ST. PAUL — Minnesota wants more farms and agribusinesses to take advantage of a state program that helps pay for training in careers such as farm manager, swine technician and equipment mechanic.
The Department of Labor and Industry, the Minnesota Dual-Training Pipeline will pay for $6,000 worth of education per worker, with up to $150,000 per employer.
Agriculture is one of four employment sectors targeted by the program. Farmers and agribusiness who want to learn more can participate in a one-hour online forum at 1 p.m., Feb. 7. Those interested can find the registration link at https://www.dli.mn.gov/business/workforce/pipeline-events .
A grant application program opens March 1 and closes April 3.
While agriculture is one of four areas of emphasis, along with advanced manufacturing, health care services and information technology, state officials say the program has more typically been used by larger agribusiness than by farms, but they are hoping to reach more small employers.
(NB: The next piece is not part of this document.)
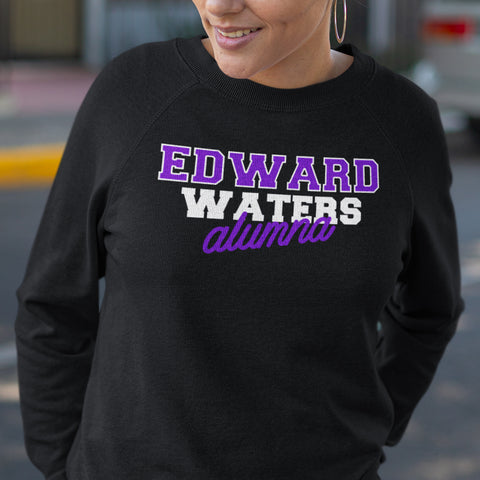 Edward Waters Alumna (Women's Sweatshirt)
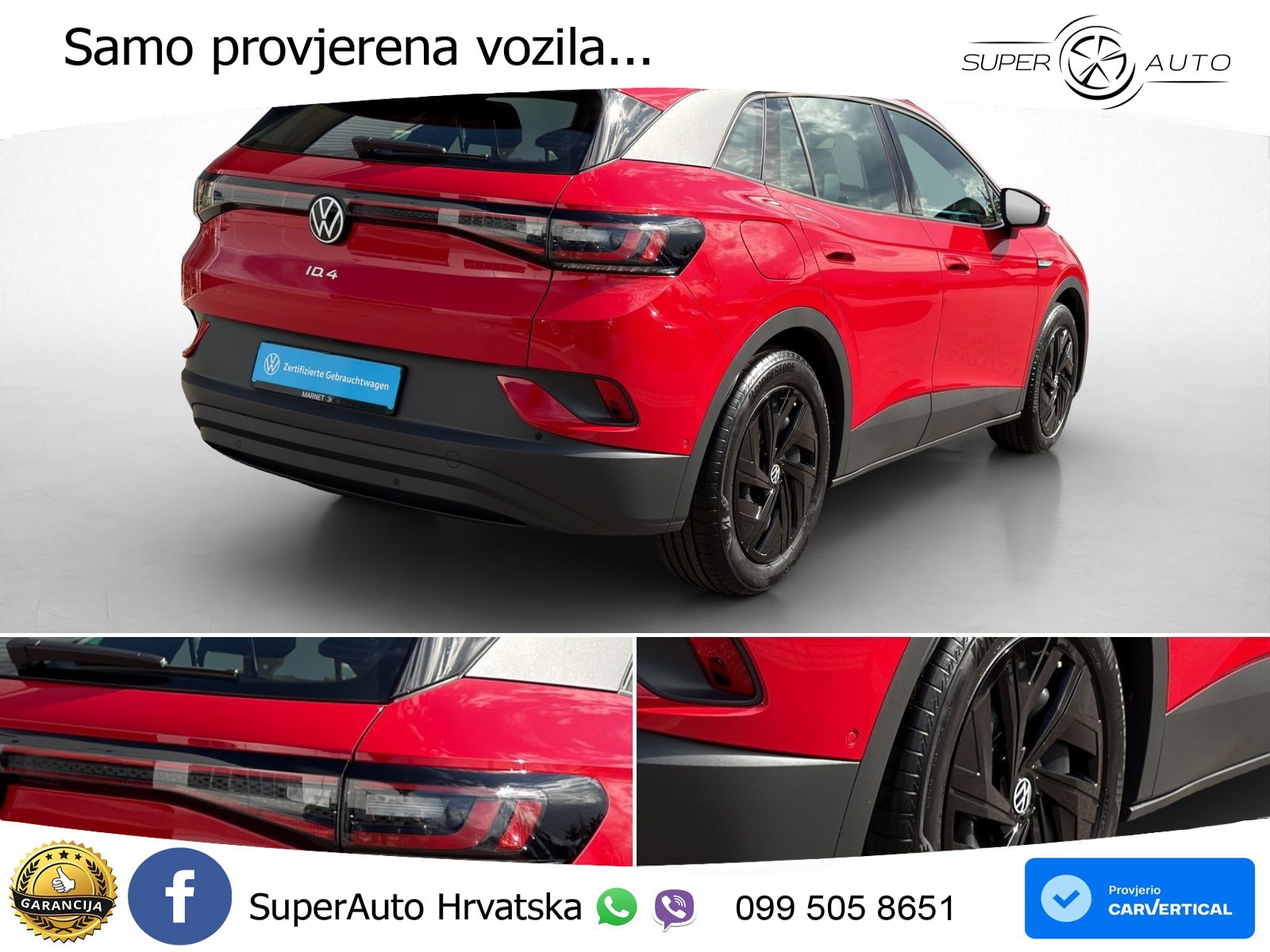 Volkswagen ID.4 Pro Performance 82 kWh (204 KS)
American Crystal Sugar has used the grants to train workers at its sugarbeet processing plant in Moorhead. While Crystal is an agribusiness, the training grants have been used for mechatronics in its sugar refining.
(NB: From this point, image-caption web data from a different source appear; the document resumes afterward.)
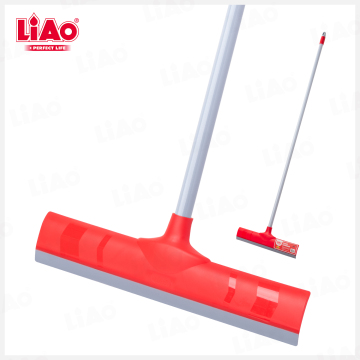 LIAO Red TPR Floor Squeegee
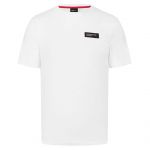 Porsche Motorsport Maglietta Logo bianco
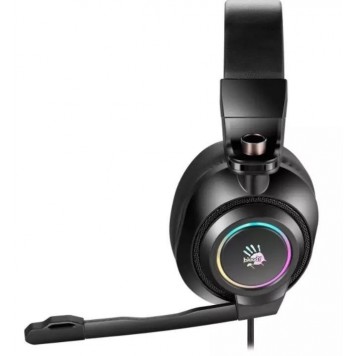 Наушники игровые Bloody G580 USB/20Hz-20kHz/16Om/105dB/Mic:100Hz-10KHz/44dB/2m-1
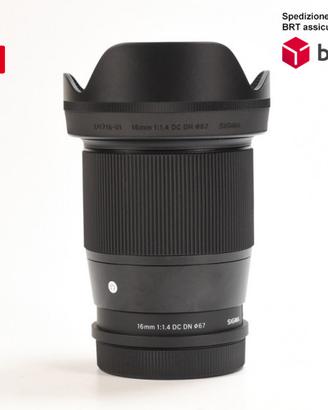 Sigma 16 F1.4 DC DN C (Leica)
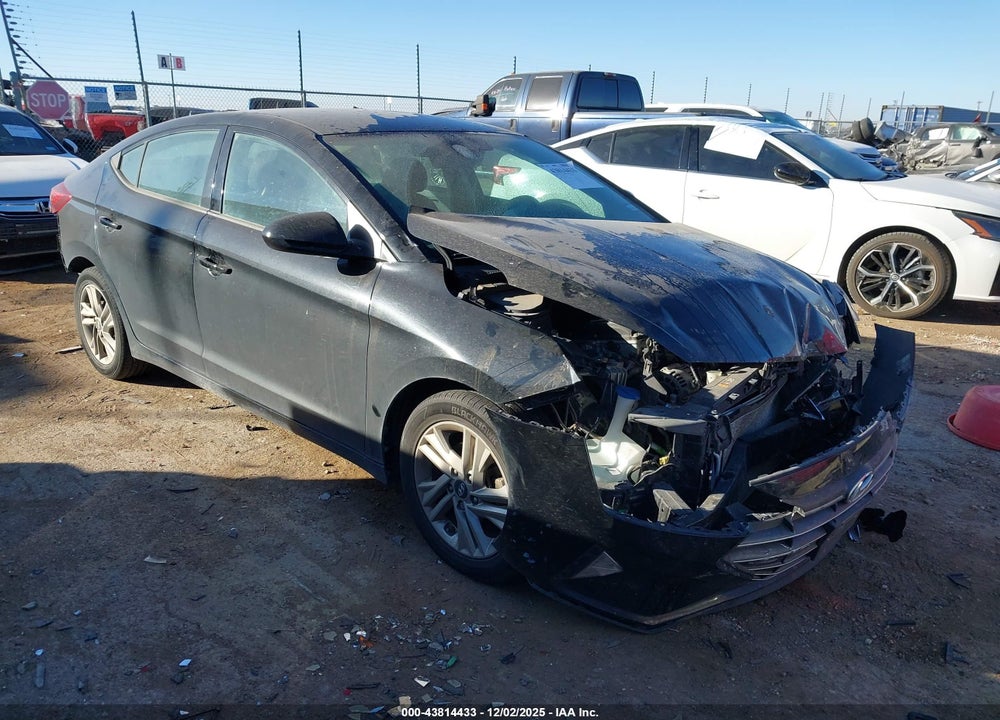 2020 HYUNDAI ELANTRA SEL VIN: 5NPD84LF9LH520223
The situation is similar for Seneca Foods in Montgomery and AGCO in Jackson.
“So they are kind of intertwined, but I also want to break more into the agriculture industry,” said Erik Holtan, a consultant for the program.
The Feb. 7 online presentation will include information from the Minnesota Landscape Arboretum, which has used grants from the dual pipeline program.
“In addition to being a training provider themselves, they also are a really large working farm. And they have leveraged this program for themselves to train folks in horticulture farm manager kind of roles,” said Dan Solomon, manager of the Minnesota Dual-Training Pipeline. “We know, it's really helpful for employers to not just hear from program staff, but also hear from folks in the field, who can share about their experience with the program and how to set up dual training.”
The program has about a dozen job categories that are eligible and plan to add reimbursement for veterinary training.
While the business or farm needs to be in Minnesota to be eligible, Solomon said the training could come from an out-of-state school, private school, or online school. But he said the training needs to result in some sort of degree, certificate or industry recognized credential.
Solomon said that while typically the training is happening in the same months that the worker is on the job, there may be some flexibility for more seasonal jobs.
“Ag has been a challenging industry of our four industries, but I think we're constantly trying to learn and adapt,” Solomon said.